◆ Records provided ◆
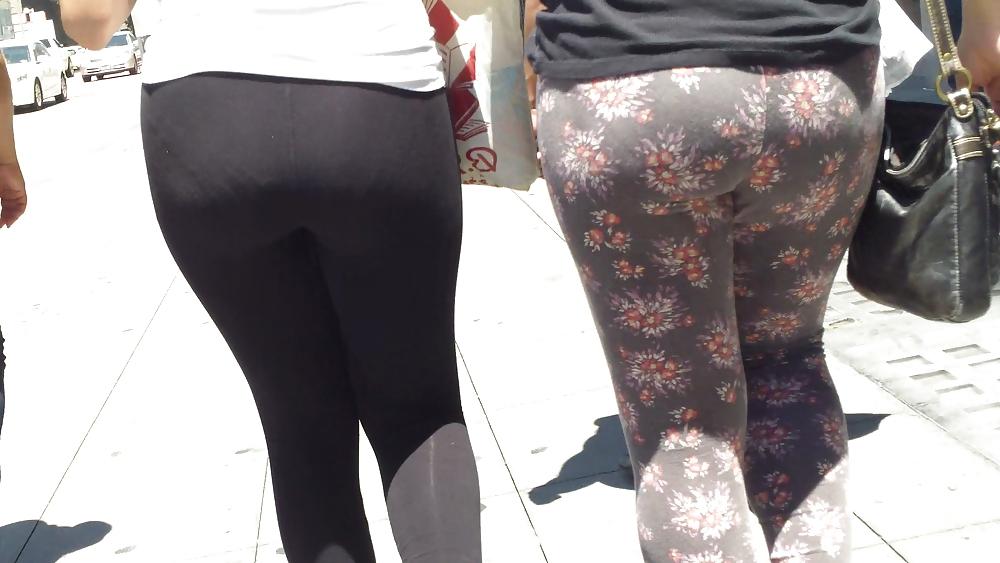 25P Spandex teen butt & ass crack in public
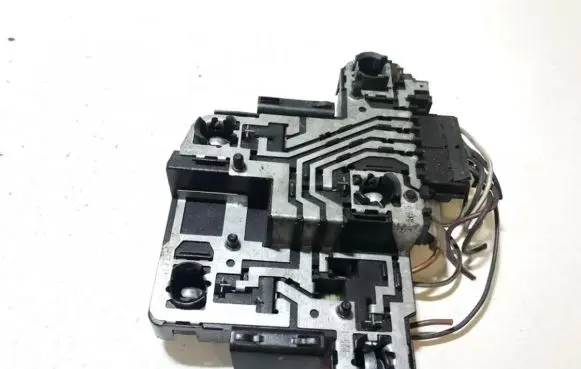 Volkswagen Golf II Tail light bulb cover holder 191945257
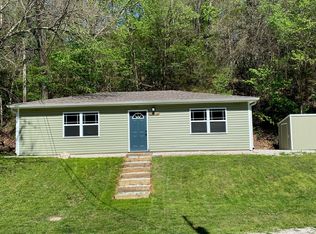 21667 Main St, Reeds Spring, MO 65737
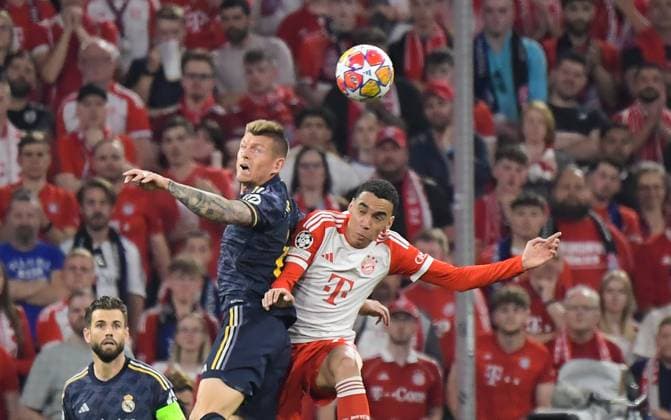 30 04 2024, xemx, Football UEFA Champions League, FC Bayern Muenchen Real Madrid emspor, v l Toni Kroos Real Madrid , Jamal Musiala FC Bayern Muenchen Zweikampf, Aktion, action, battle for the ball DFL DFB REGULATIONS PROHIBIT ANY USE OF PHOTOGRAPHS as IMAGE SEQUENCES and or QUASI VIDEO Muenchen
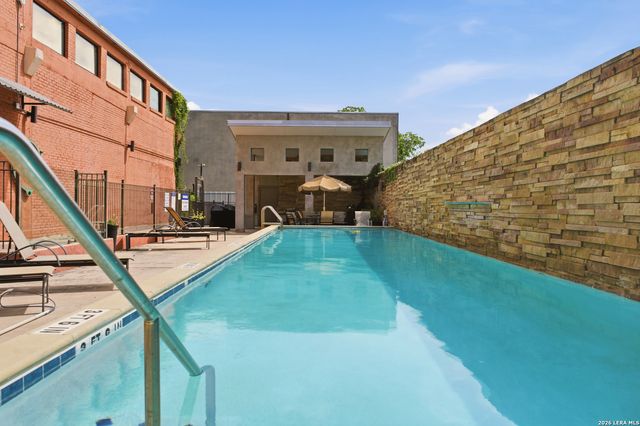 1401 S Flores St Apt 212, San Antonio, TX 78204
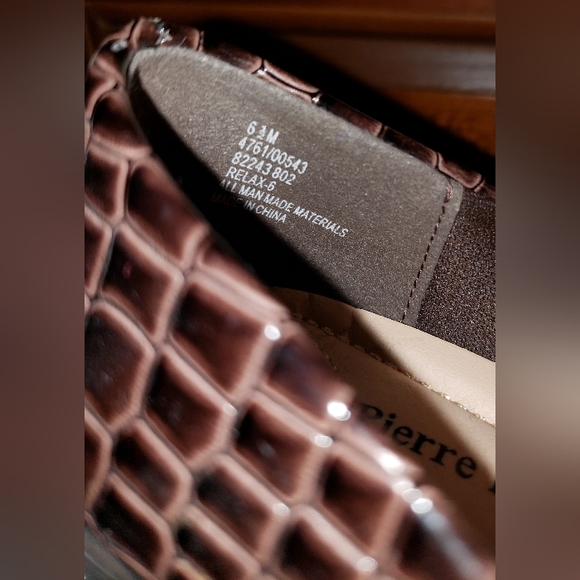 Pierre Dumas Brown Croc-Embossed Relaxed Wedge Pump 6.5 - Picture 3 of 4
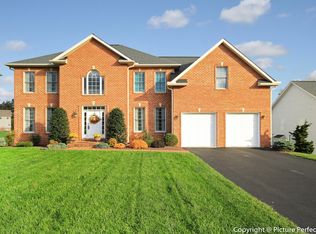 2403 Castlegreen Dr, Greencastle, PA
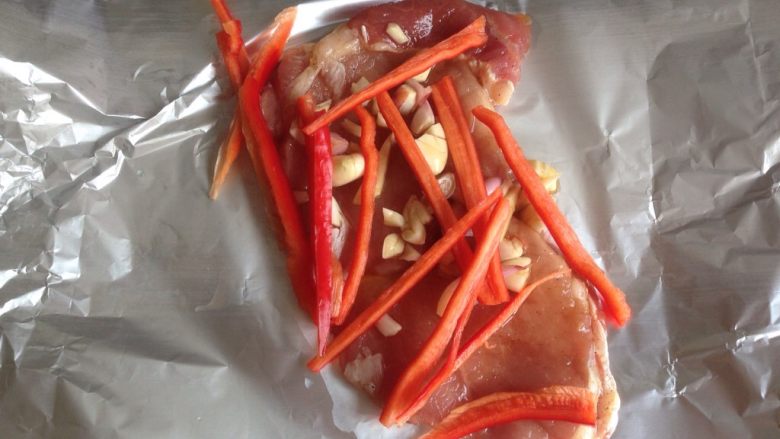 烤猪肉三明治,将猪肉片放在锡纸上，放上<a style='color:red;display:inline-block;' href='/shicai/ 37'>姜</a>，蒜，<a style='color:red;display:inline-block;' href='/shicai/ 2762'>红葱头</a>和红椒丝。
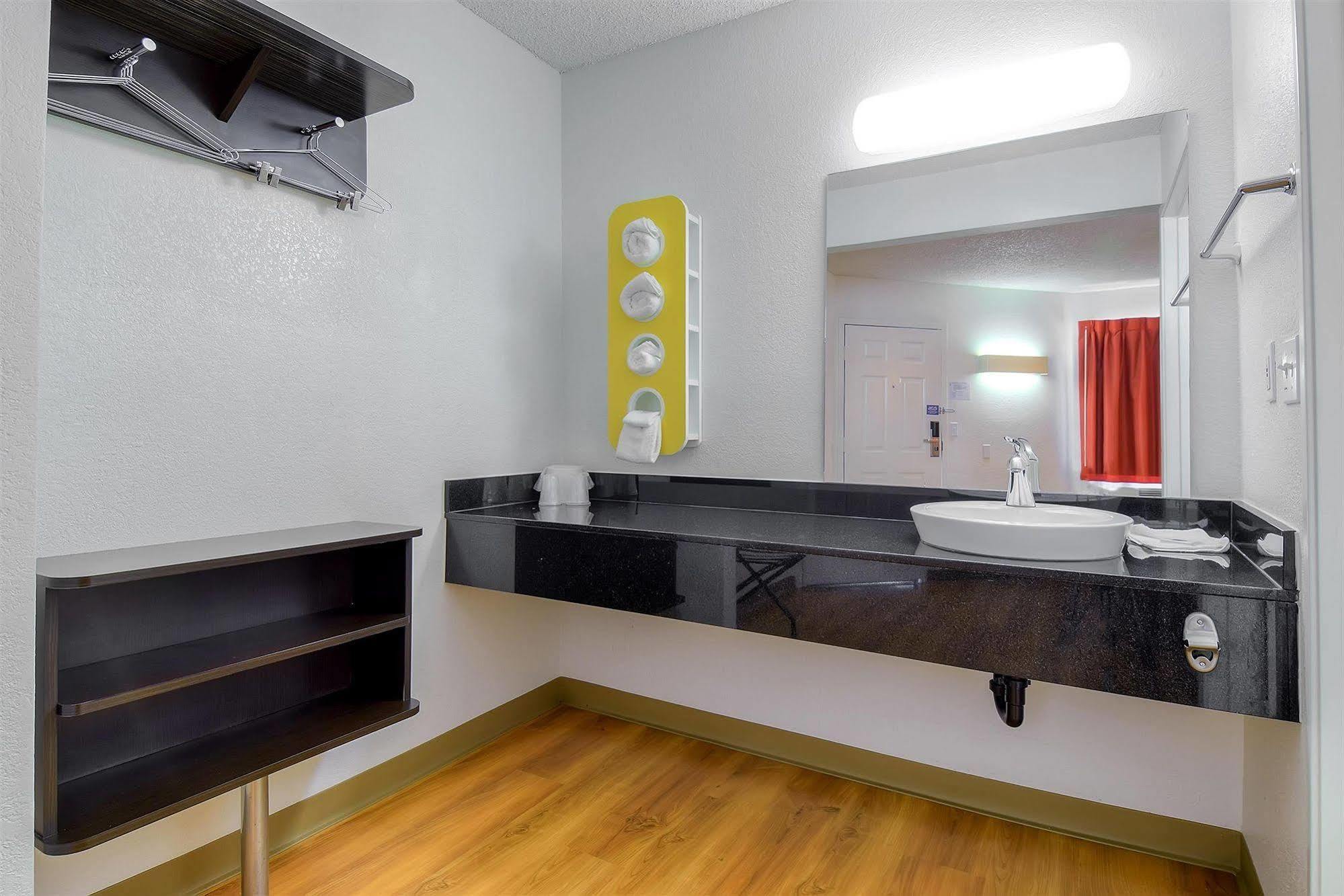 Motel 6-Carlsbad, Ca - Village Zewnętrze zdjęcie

◆ Description of the task ◆
Copy exactly the lines from the one containing "30 04 2024, xemx, Football" to the end of the records, both included, and leave the pictures out.

◆ Exercise output ◆
 30 04 2024, xemx, Football UEFA Champions League, FC Bayern Muenchen Real Madrid emspor, v l Toni Kroos Real Madrid , Jamal Musiala FC Bayern Muenchen Zweikampf, Aktion, action, battle for the ball DFL DFB REGULATIONS PROHIBIT ANY USE OF PHOTOGRAPHS as IMAGE SEQUENCES and or QUASI VIDEO Muenchen
 1401 S Flores St Apt 212, San Antonio, TX 78204
 Pierre Dumas Brown Croc-Embossed Relaxed Wedge Pump 6.5 - Picture 3 of 4
 2403 Castlegreen Dr, Greencastle, PA
 烤猪肉三明治,将猪肉片放在锡纸上，放上<a style='color:red;display:inline-block;' href='/shicai/ 37'>姜</a>，蒜，<a style='color:red;display:inline-block;' href='/shicai/ 2762'>红葱头</a>和红椒丝。
 Motel 6-Carlsbad, Ca - Village Zewnętrze zdjęcie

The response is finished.